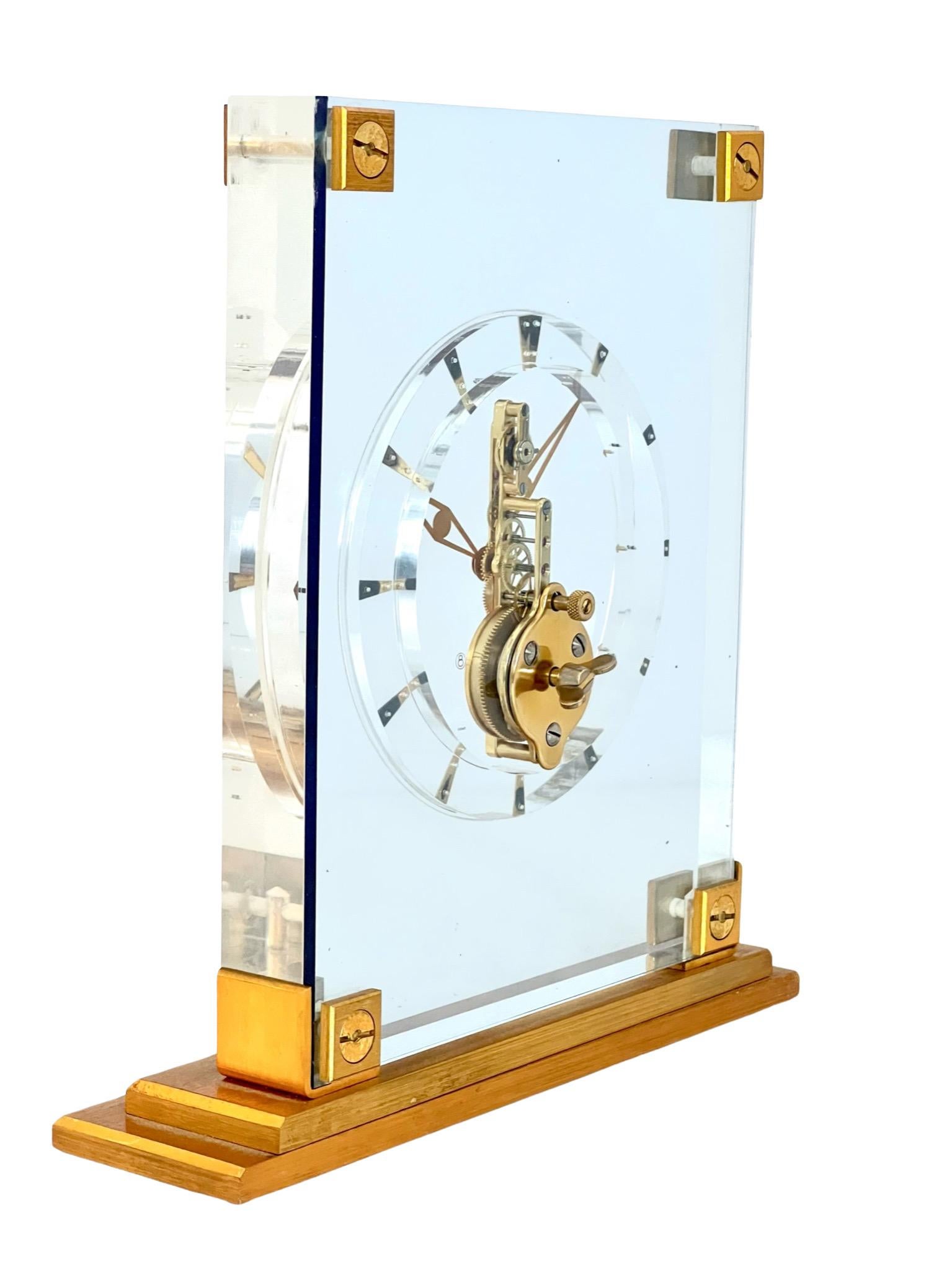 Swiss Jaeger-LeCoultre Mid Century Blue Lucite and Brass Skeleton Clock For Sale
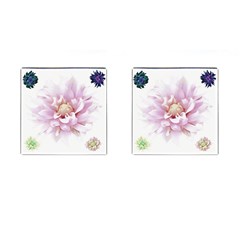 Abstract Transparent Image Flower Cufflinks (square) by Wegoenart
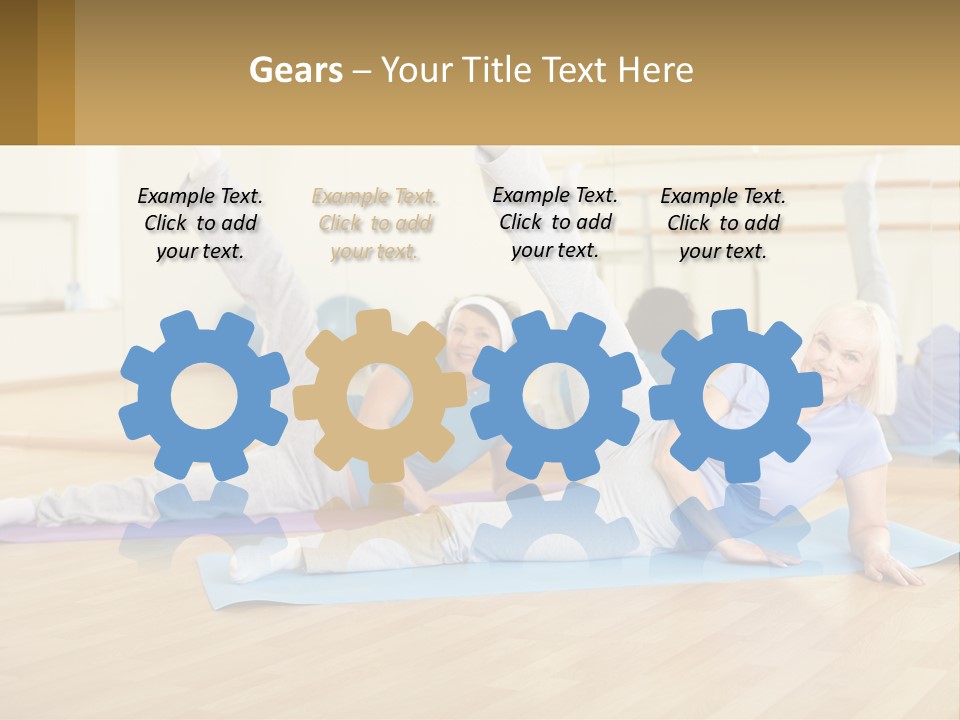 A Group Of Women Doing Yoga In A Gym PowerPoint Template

◆ ◆ ◆ ◆ ◆

WHAT NEEDS TO BE DONE: Each line above should be returned exactly as it stands, minus any pictures.

RESPONSE TO THIS TASK:
 Swiss Jaeger-LeCoultre Mid Century Blue Lucite and Brass Skeleton Clock For Sale
 Abstract Transparent Image Flower Cufflinks (square) by Wegoenart
 A Group Of Women Doing Yoga In A Gym PowerPoint Template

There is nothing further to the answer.